Было другое бурное объяснение по поводу моей салфетки.
За обедом Вячеслав вдруг посмотрел на меня и на поданный соус и приказал завязать за шею салфетку. Мать, однако, выразила свое несогласие.
— Англичане, — уверяла она, — которые прекрасно ведут себя за столом, никогда так не пользуются салфеткой… Нужно уметь есть аккуратно.
— В Париже, — ответил Вячеслав, — всегда затыкают салфетку за воротник…
Спор шел долгий и оживленный, а в каком положении находилась моя салфетка — не помню.
* * *
Несмотря на все радости этого лета, воспоминания о маме делаются какими‑то все более грустными, тускнеющими. Проходили через Загорье и заходили к маме богомольцы, идущие пешком в Иерусалим. Маме сильно захотелось тоже уйти на богомолье, — вот так же уйти одной, пешком.

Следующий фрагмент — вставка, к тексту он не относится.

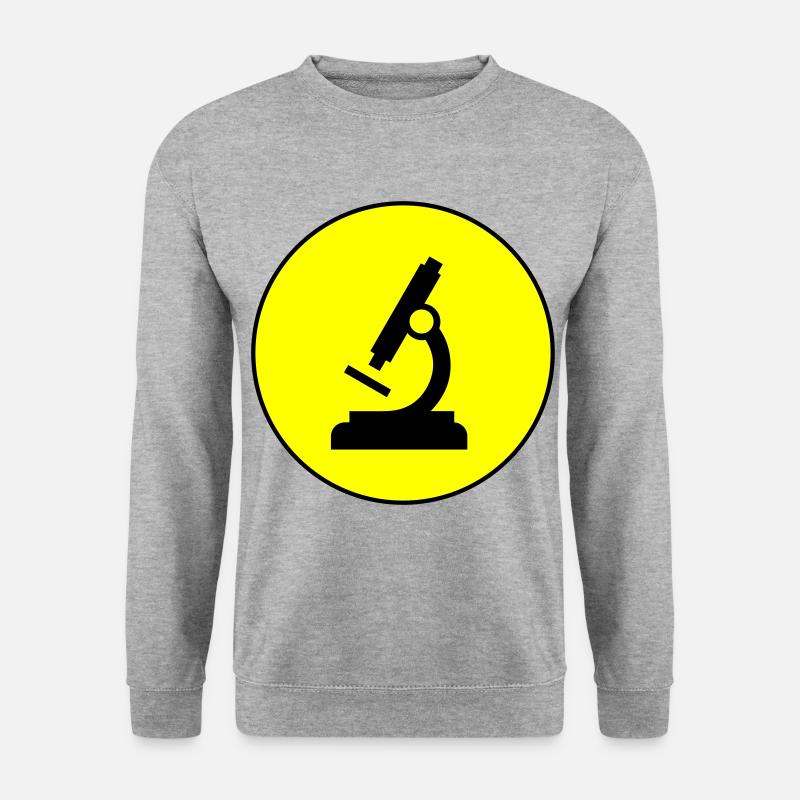 Mikroskop Icon Symbol - Unisex Pullover - Weißgrau meliert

В конце летних каникул Маруся уехала с Костей и со мной в город, где Костя поступил в реальное училище Гуревича (он там пробыл год до кадетского корпуса), а я в гимназию «Новая школа общества преподавателей» на Преображенской улице, а также в музыкальную школу Боровки в класс С. Е. Енакиевой. Маме, Вячеславу и Вере не хотелось покидать Загорье и их пребывание там затянулось до поздней осени.

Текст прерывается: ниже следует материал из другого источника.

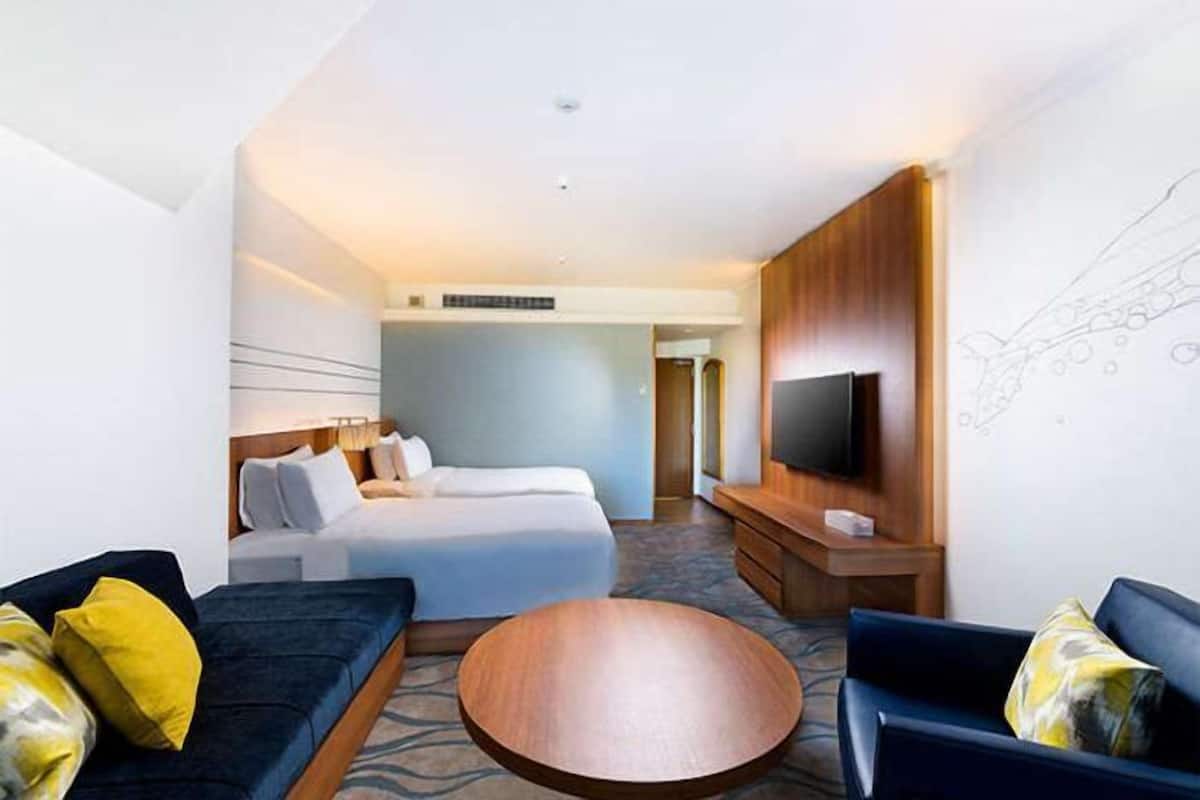 In-room safe, desk, blackout drapes, iron/ironing board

Смерть мамы резко прерывает все течение жизни[2]. Кончается один период и начинается другой. Жизнь вокруг идет очень разнообразная, богатая, но кажется, точно все мы живем и действуем в какой‑то стесненной и полуреальной атмосфере, точно над нами тяготеет темная туча, та самая, которая разразилась грозой 17–го октября и которая никак не может окончательно развеяться. Потребовались годы для ее исчезновения. Это произошло лишь в конце петербургского периода нашей жизни.